One of the two northern flickers that visited me just as the sun was coming up this morning. -- Photo by Pat Bean

Travels With Maggie

My morning began at 5 a.m. with a phone call when I was still deep asleep, By the time I stumbled out of bed and figured out where my phone was – in the cab beneath my RV’s upper bunk – it had stopped ringing.

After crawling back into bed and snuggling back beneath the covers because it was quite a chilly morning here in Pendleton, Oregon, where I’m parked in the farmyard of a friend’s mother, I hit the redial button.

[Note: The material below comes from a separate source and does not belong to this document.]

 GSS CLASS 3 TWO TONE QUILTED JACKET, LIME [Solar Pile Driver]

It was my daughter-in-law, Cindi, in Texas who rang to tell me the books I had ordered from Amazon had arrived. They included Susan Albert’s “Bleeding Heart,” the next in the China Bayles’ books I’m reading and one that hadn’t been available on Kindle.

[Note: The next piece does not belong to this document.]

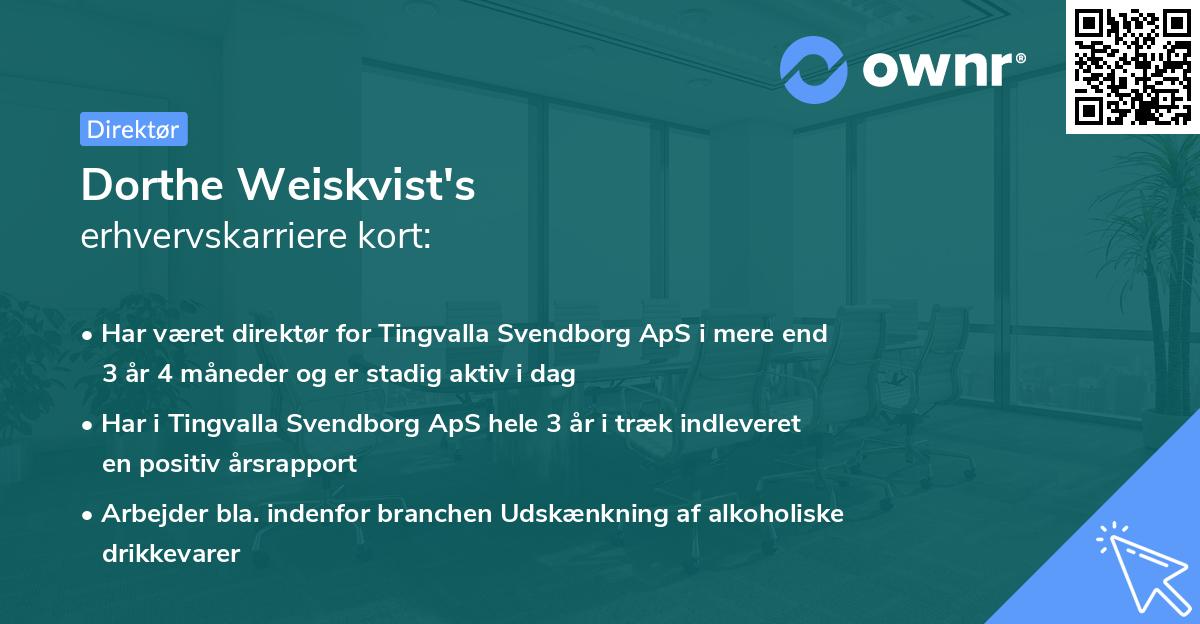 Dorthe Weiskvist's erhvervskarriere kort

A much better look at a northern flicker, this one a male. -- Photo by Joanne Kamo

I said, perhaps a bit snippy: “It’s o-dark-hundred here. I’m in the Pacific time zone and two hours earlier than where you are.”

“Oh,” she responded. But then of course we chatted for a while. I couldn’t be too angry because she’s my traveling guardian angel and has handled all my mail for the past seven years. .

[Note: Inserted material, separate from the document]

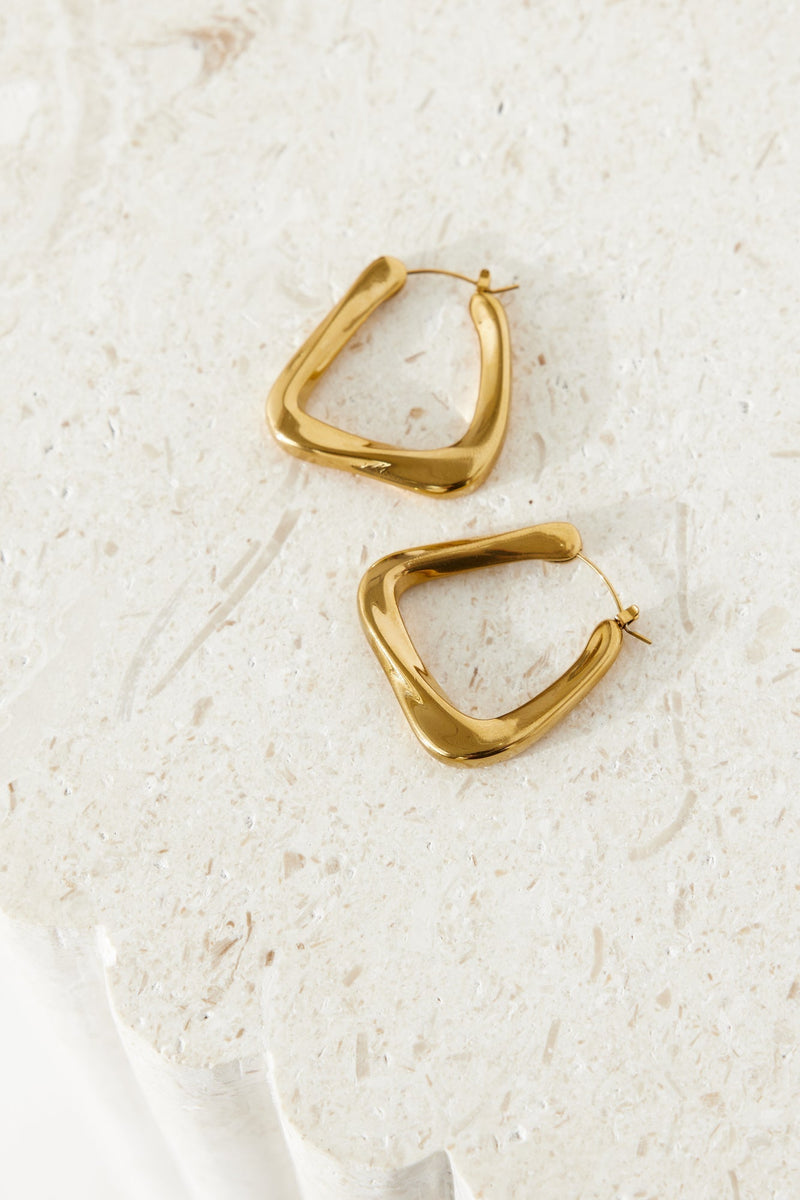 18k Gold Plated Styled by You Hoop Earrings Gold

After we hung up, I tried to go back to sleep, but unlike my dog, Maggie, who never even lifted her head at the phone call, sleep had vanished for the day. So I got up, fixed coffee and sat down in front of my computer, alternating between answering e-mails and watching the day arrive out my window.

I was rewarded with a pair of northern flickers messing around a tree near my RV. I tried to get a picture, but it was dark and my photo turned out poorly. I thought you might want to see it anyway, but I added a photo taken by Joanne Kamo  http://www.pbase.com/jitams to give you a better look.

Meanwhile, I did enjoy watching the pair of large woodpeckers – that’s the family to which northern flickers belong. They stayed around for quite a while poking around the tree, and sticking their heads into a couple of holes it contained. If Cindi hadn’t called I would have missed them all together.

Life’s like that. It throws you a curve ball, then apologizes with a slow pitch you can’t miss.